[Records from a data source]
--------------------

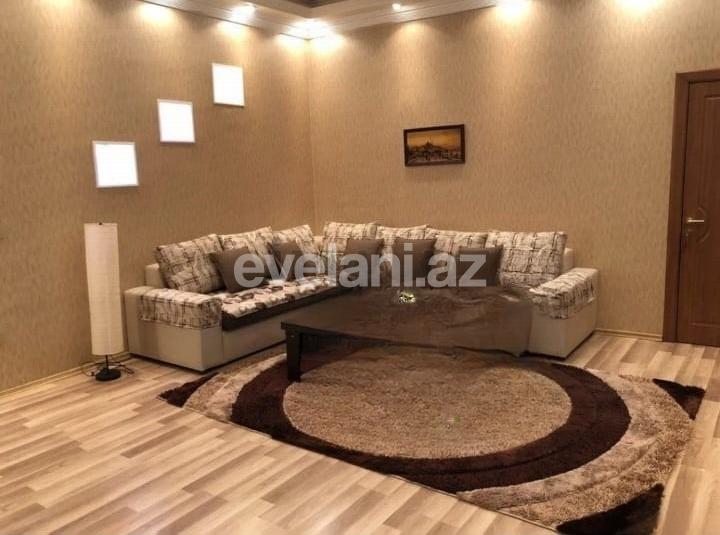 Kirayə verilir, köhnə tikili, 2 otaqlı, 71 m², Bakı, Səbail r, İçəri Şəhər m.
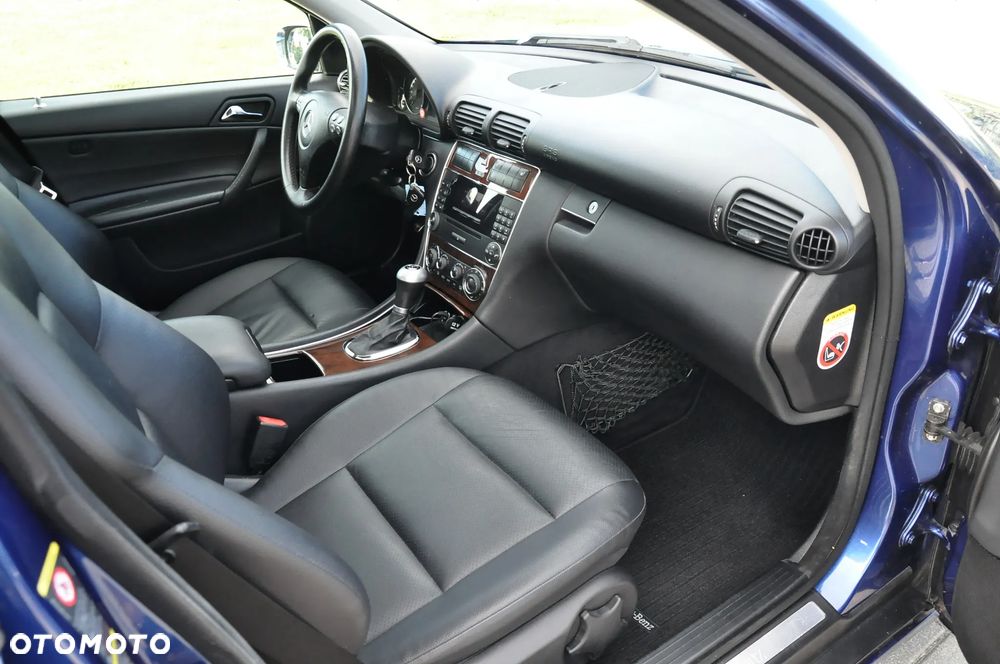 Mercedes-Benz Klasa C 280 7G-TRONIC Classic Sport Edition - 29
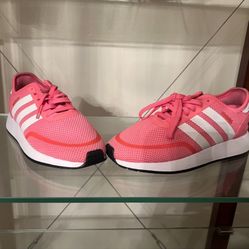 Women’s Adidas Size 5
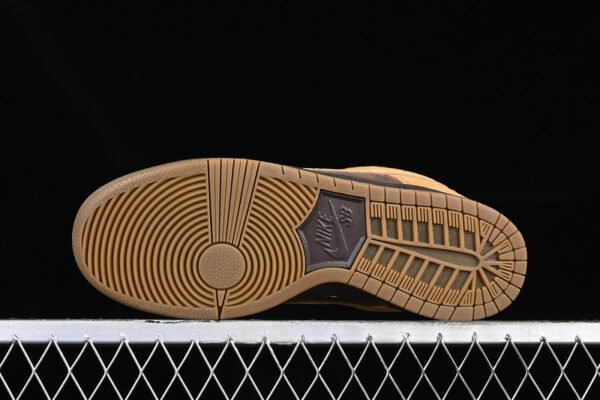 DUNK LOW PRO SB BAROQUE BROWN_HAY-MAPLE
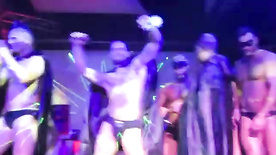 Festa gay acaba com orgia entre homens em cima do palco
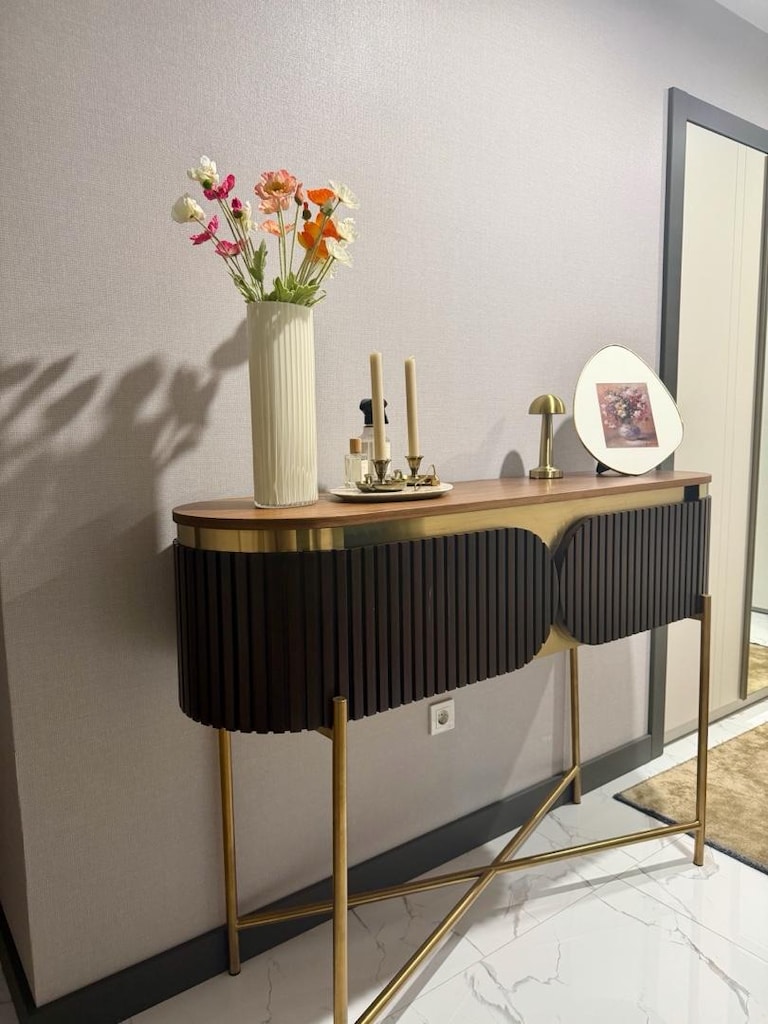 oval dikey çıtalı (fluted) dresuar / konsol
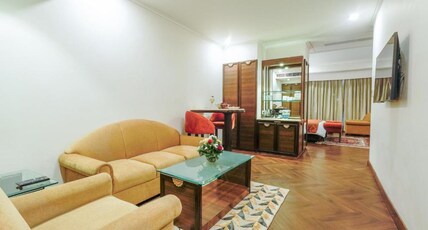 Best Western Merrion Hotel Room Type - Suite-1 King Bed, Non-Smoking,Living Area & Free Fruit basket. 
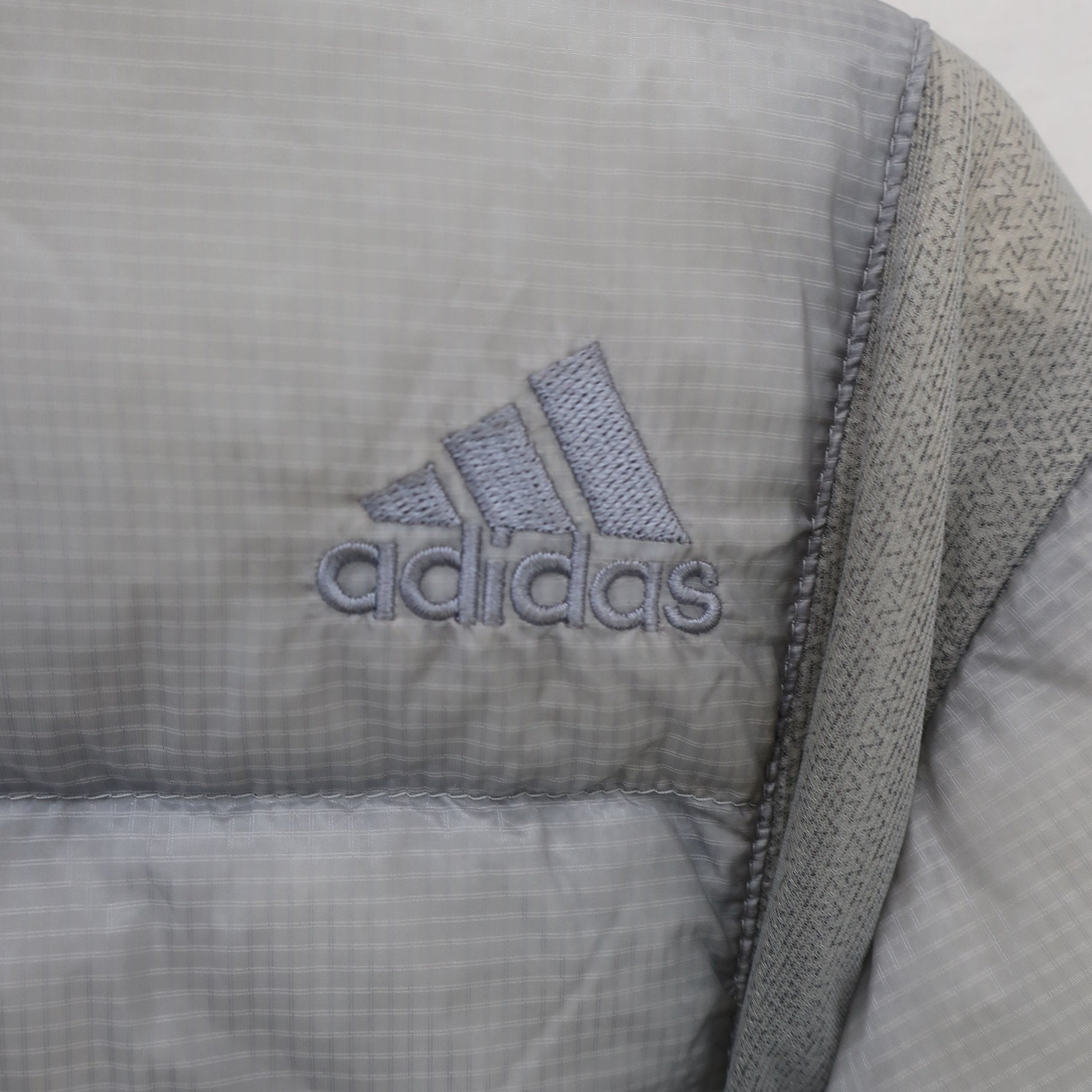 adidas(アディダス) 中綿ジャケット グレー メンズ M A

--------------------

**BRIEF:** Lines from the one holding "Best Western Merrion" to the end of the data, both ends included, are to be given again exactly; no pictures belong in the copy.

**THE ANSWER:**
 Best Western Merrion Hotel Room Type - Suite-1 King Bed, Non-Smoking,Living Area & Free Fruit basket. 
 adidas(アディダス) 中綿ジャケット グレー メンズ M A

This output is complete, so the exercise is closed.